Matrilin and thrombospondin formed the fourth major cluster of proteins. Matrillins belong to a family of oligomeric matrix proteins having a major role in the formation of filamentous networks and maintain the extracellular matrix integrity. In our study, MATN1 was the most abundantly expressed protein and has been found to form a complex with BGN/DCN, which in turn forms a link between aggrecan and collagen VI/II to form a stable extracellular matrix assembly [
23]. MATN1 polymorphism and deficiency leading to altered cartilage architecture have been associated with increased incidence and severity of adolescent idiopathic scoliosis [
24], and its abundant expression in our fetal disc emphasizes the need for its basal expression to maintain disc structure and homeostasis.
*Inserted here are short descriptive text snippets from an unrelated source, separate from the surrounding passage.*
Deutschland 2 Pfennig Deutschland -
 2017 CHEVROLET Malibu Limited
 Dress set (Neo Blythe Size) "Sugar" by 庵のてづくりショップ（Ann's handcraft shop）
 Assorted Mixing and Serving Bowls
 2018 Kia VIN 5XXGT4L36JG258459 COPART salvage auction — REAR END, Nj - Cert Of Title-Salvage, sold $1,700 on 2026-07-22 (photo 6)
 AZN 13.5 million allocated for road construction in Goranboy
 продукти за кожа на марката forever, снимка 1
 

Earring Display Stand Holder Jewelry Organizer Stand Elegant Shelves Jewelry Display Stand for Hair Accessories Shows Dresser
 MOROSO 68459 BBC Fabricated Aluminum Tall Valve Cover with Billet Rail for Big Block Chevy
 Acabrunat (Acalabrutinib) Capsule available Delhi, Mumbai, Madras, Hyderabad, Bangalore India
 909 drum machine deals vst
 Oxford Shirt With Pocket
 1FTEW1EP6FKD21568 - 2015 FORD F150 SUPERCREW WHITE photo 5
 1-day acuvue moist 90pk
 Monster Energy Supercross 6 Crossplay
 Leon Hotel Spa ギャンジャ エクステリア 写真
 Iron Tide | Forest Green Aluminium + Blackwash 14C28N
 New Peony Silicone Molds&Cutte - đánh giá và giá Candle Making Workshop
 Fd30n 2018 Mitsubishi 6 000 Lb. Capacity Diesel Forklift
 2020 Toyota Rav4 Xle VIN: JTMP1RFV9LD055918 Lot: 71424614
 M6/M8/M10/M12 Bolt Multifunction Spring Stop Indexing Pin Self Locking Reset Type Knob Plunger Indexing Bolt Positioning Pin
It would be interesting to observe their expression in aging and degenerative disc tissues, and if found to be downregulated, it can be used for cell therapy. Similarly, downregulation of THBS-1 (abundantly expressed in the fetus) has been documented to cause progression of disc degeneration [
25] and manipulation of either this gene or its product could again be a novel therapeutic strategy.
Overall, the dataset comprising 1,316 different proteins obtained through LC-MS/MS analysis of fetal discs would serve as a molecular repository of IVD and form the basis for studying a series of disc-related diseases like DDD and herniation. Proteomic changes in the IVD across various developmental stages and decades of aging will improve the understanding on the molecular pathology of DDD. For the first time, this study unraveled proteomic constitution of healthy human fetal disc. A simple comparison of proteins extracted from the fetal disc in this study and human adult disc in a previous study [
26], as shown in
Fig. 7, reveals that, apart from the 224 common proteins that play a role in disc homeostasis, there are 1,092 proteins in the fetal disc that might have regulatory potential and possibly lead in tissue regeneration therapies. The fetal proteome included a series of proteins involved in extracellular matrix organization. For example, we identified nine types of collagens that are an essential part of the matrix. Collagen fibrils are essential and involved in mechanical strength, cell-fiber interactions, and degradation [
27]. Especially, COL14A1, which was highly expressed in fetal disc, plays a major role in fibril assembly. Studies have proved that COL14A1 is a key regulatory molecule in different steps and transitions in fibril assembly and growth during tendon development [
28]. Similarly, only key proteins that were most abundantly expressed in the fetal disc have been discussed briefly, as it beyond the scope of including all other molecules mentioned in the results.